11.19.2007

What I learned from Twitter This Week

I began tweeting in April 2006 at the Web 2.0 Expo and after a short hiatus have been back tweeting daily (I would say "religiously" but I've been attempting to avoid hyperbole lately). While my friends and co-workers can't for the life of them understand the appeal, or importance, of Twitter...frankly, I can't see how they can't. (One caveat here, I do have a mild obsession-- and even woke up one morning realizing that I had just been dreaming in tweets).

Twitter is where the conversations are, and has pretty much replaced my Google reader! Its like the back of the news room where everyone is chattering and thinking aloud and brainstorming before they actually post to their blogs. I used to say I'd read something in the blogosphere two days before it was in print--and a day before the print publication's online counterpart--and now I feel that I can get a sense of what will be in the blogosphere days before the posts go up via Twitter feeds. More than empirical information regarding business or blogging or 2.0...Twitter offers nuanced insight into the lives of others.

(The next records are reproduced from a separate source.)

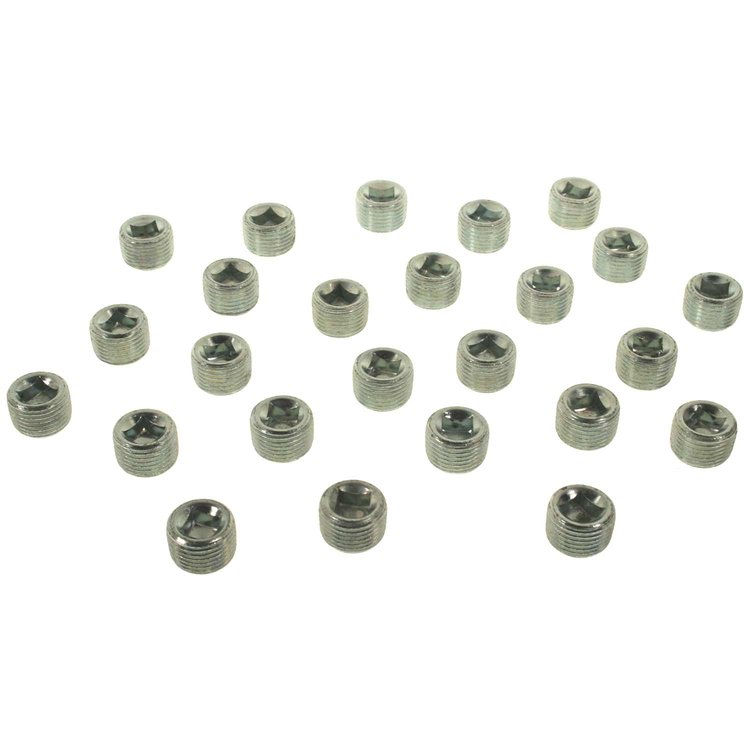 PIPE PLUG - 25 PER BOX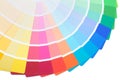 Color palette guide Royalty Free Stock Photo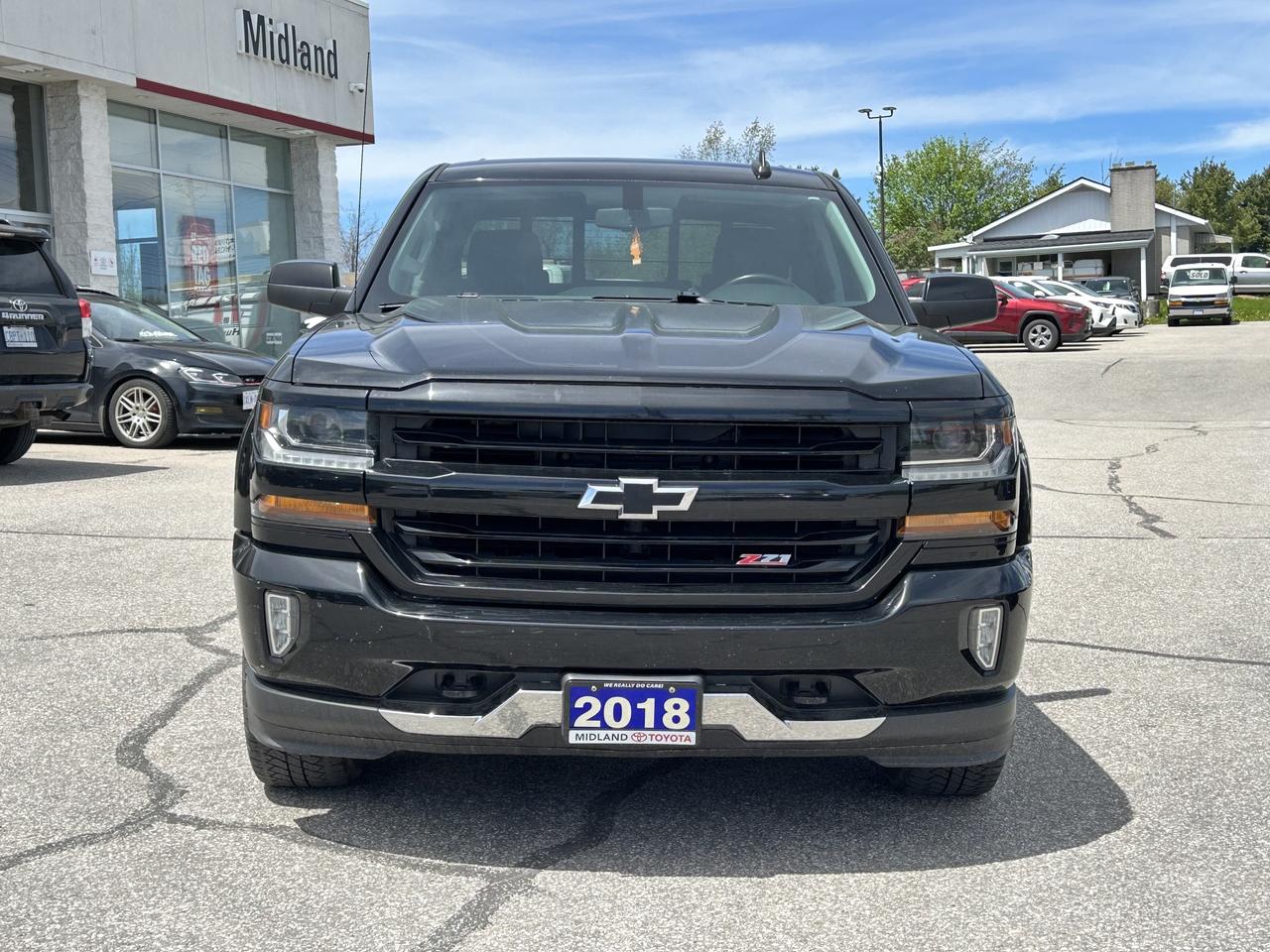 2018 Chevrolet Silverado 1500 4WD Crew Cab 143.5  LT w-2LT Photo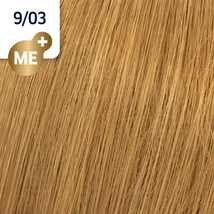 Wella Koleston Perfect Hair Color  9/03 Very Light Blonde/Natural Gold image 2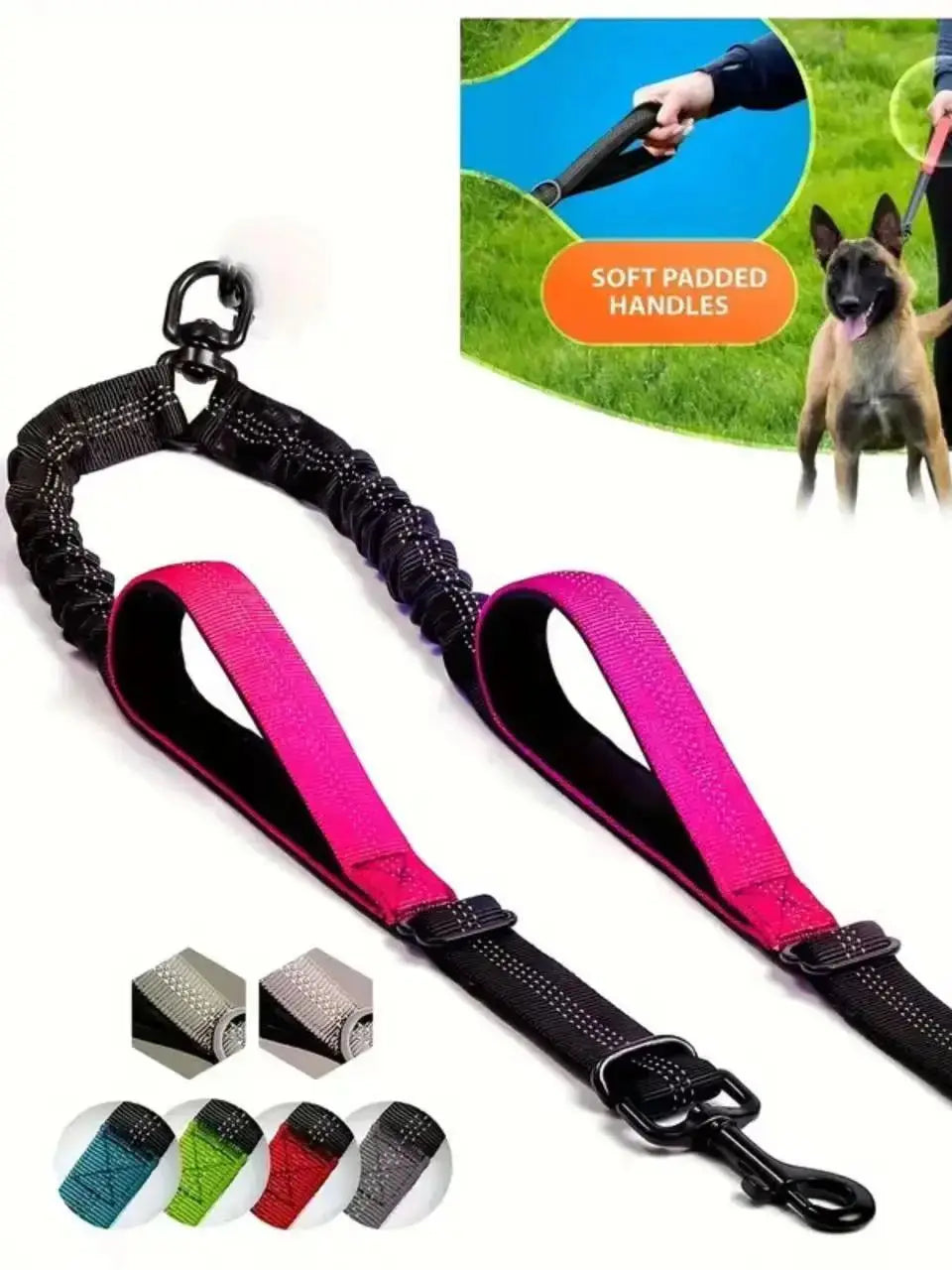 Guinzaglio doppio per cani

This week, not only did I keep keep up with all the bloggers I normally read and find the usual information on Android and Facebook and Apple being anti-social, but I also found out that Allen Stern may be depressed, Max Kalehoff's kid had a birthday party, and Biz Stone was in a conference room at Oxford University. What does this information matter? Maybe it doesn't, but keying into the this kind of information from some of the most dynamic influencers in this ever-evolving communications landscape--surely is worth something in the bucket?



And this just noticed...Allen got a $20million offer for CenterNetworks? Really?

2 comments:

Anonymous said...

who said $20 million - I won't accept anything less than 21.2 million!

-- allen

Gavin Heaton said...

Dreaming in Tweets? Wow, that is serious.

Like anything, early adopters have to find the paths to engagement that will work for others. Sometimes it is fun, sometimes frustrating. But at least it is never boring.